Making the (best) big decision
If there’s one thing all my friends know about me, it’s that I have a very hard time making decisions. Don’t ask me where we should sit in the library or where we should go to grab a meal off campus. However, I have made two recent decisions that I have no regrets about.
Deciding to apply
I knew the decision to apply to college would be hard, and there were lots of things to consider. I graduated from a competitive high school, and everyone wanted to get into the best school they could. I remember my tour around campus, meeting my tour guide, getting a cookie from the dining hall, and being really impressed with Case Center.
I fell in love! I just got this gut feeling that I would feel comfortable here. I decided to trust my instincts when I told my college guidance counselor that I wanted to apply to Skidmore ED (Early Decision).
I did feel self-conscious about deciding so quickly and questioned whether going all-in was the right choice after I finally applied. Although I was able to distract myself with my new job as the stage manager of our high school musical, I still worried about what that decision letter would say.
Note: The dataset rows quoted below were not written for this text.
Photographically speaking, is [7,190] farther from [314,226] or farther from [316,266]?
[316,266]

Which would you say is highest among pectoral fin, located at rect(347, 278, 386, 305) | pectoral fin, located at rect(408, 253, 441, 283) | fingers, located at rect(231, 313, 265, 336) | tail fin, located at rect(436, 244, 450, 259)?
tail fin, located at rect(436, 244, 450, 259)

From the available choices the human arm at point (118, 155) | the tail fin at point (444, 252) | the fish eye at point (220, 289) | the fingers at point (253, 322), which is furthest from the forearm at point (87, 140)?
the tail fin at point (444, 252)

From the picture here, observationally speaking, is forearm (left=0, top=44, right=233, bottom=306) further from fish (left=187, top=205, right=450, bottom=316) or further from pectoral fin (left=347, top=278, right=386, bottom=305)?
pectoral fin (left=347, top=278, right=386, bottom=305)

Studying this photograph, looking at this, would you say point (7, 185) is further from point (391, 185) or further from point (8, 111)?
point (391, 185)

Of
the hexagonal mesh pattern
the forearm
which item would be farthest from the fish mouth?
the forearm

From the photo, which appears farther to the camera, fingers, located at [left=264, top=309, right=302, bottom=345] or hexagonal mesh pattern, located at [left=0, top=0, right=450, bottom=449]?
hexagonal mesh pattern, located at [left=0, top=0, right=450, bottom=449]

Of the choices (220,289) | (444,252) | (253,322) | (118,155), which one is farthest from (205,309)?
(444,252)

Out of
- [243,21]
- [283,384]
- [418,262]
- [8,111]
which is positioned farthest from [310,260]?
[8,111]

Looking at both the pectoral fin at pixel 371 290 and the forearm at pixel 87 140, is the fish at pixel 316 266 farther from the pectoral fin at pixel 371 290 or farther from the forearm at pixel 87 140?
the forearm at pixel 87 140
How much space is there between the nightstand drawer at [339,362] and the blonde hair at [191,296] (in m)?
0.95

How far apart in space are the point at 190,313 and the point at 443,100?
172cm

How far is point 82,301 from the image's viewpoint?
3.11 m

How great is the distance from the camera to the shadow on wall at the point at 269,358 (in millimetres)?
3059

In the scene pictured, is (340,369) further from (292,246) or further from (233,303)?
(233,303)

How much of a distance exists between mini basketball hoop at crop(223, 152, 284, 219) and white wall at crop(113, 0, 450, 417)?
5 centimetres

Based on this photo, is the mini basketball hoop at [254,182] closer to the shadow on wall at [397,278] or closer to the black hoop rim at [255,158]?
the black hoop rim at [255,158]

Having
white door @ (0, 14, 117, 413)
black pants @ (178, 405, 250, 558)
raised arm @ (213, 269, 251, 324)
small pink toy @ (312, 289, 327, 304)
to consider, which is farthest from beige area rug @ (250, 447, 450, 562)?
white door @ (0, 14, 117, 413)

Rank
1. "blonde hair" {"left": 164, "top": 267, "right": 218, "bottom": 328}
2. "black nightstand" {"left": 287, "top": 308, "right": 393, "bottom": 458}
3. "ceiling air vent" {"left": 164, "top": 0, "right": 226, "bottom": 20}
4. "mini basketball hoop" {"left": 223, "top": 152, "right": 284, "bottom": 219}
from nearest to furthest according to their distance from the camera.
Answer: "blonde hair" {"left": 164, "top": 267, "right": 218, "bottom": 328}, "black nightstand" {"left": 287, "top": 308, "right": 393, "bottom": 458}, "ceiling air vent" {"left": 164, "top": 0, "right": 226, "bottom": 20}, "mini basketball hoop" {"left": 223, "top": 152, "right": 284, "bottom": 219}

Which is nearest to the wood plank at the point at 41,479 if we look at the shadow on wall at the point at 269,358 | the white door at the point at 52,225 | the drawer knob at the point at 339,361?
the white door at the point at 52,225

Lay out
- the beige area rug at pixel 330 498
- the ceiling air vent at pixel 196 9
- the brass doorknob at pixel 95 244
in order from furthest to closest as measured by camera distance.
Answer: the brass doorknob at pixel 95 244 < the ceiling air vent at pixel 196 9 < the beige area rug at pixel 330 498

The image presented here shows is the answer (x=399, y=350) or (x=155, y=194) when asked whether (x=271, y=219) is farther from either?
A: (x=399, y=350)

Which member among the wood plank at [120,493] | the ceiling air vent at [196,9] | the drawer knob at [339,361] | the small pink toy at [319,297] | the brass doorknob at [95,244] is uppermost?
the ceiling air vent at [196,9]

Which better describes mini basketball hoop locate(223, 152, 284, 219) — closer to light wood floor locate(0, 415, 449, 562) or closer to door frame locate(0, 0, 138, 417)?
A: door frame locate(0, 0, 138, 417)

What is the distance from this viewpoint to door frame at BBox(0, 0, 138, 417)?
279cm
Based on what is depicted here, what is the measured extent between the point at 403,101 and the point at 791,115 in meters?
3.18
Finally, on the day Early Decision acceptance letters were supposed to arrive (also the day of our final rehearsal for the musical) I was about ready to explode.
I was pacing around backstage, refreshing the page every few minutes, and frantically talking to my friends about how nervous I was. Five minutes before the show was to start, I received an email saying the portal had updated. I sprinted to my computer.
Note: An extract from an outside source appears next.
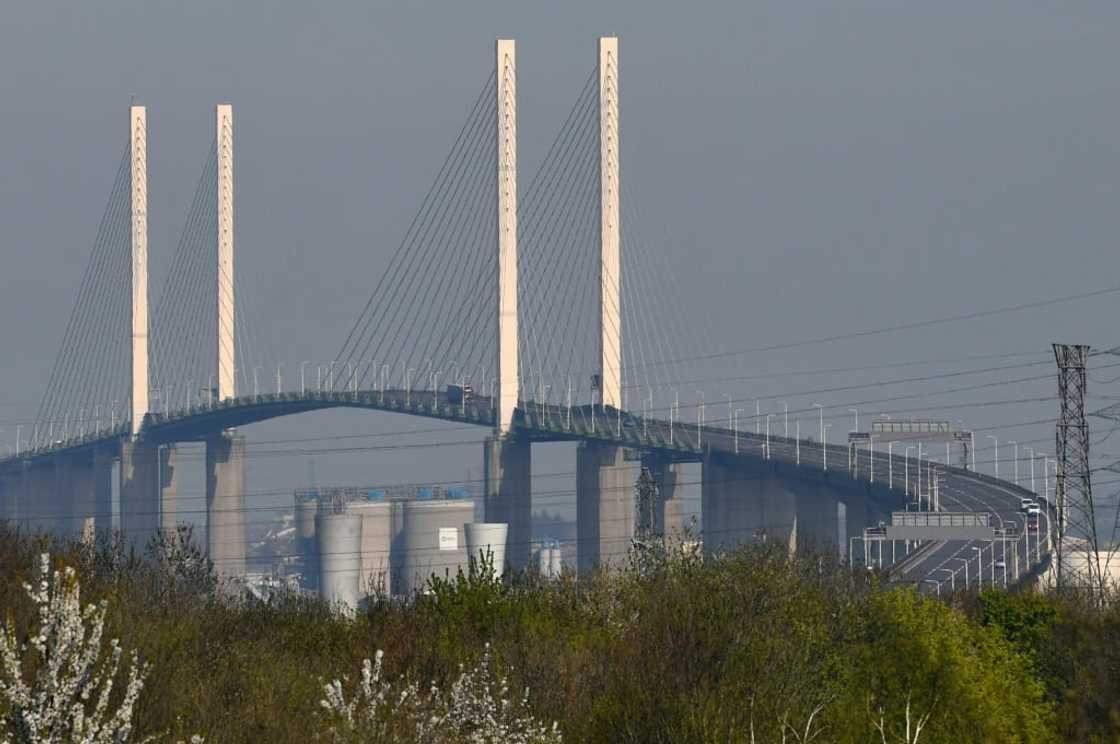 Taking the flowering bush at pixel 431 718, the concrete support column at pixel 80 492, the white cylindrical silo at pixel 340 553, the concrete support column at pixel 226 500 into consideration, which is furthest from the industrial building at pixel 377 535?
the flowering bush at pixel 431 718

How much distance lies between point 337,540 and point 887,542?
49.5 metres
As soon as I saw confetti fall from the top of the page, I burst into tears. I bawled my eyes out in front of the entire theater department.
Thinking back, I have no regrets. I trusted my gut. Now that I’ve been here at Skidmore for two years, I can say that gut feeling was absolutely on point.
Deciding to get involved
Over the summer of 2020, I got the first of many emails from Jennifer MacDonald (director of health promotion at Skidmore) about joining the Peer Health Educator (PHE) program. She described it as a student-led program focused on providing advice, resources, and a listening ear to students who needed extra support on campus. PHEs also work in committees that center around topics from mental health to community building on campus.
The program is focused on student happiness through and through. It was a no brainer – I emailed her back with my application that same day.
I knew from the moment I learned about the program that it was one of a kind: No other school I toured or had learned about had anything like the PHE program.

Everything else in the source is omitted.